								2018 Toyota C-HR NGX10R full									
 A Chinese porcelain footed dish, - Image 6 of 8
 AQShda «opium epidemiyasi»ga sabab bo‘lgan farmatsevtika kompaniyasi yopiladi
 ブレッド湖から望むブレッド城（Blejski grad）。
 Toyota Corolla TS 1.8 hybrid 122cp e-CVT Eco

◆ ◆ ◆ ◆

▸ **Prompt**
For the material above, produce a word-for-word copy.

▸ **Response box**
								2018 Toyota C-HR NGX10R full									
 A Chinese porcelain footed dish, - Image 6 of 8
 AQShda «opium epidemiyasi»ga sabab bo‘lgan farmatsevtika kompaniyasi yopiladi
 ブレッド湖から望むブレッド城（Blejski grad）。
 Toyota Corolla TS 1.8 hybrid 122cp e-CVT Eco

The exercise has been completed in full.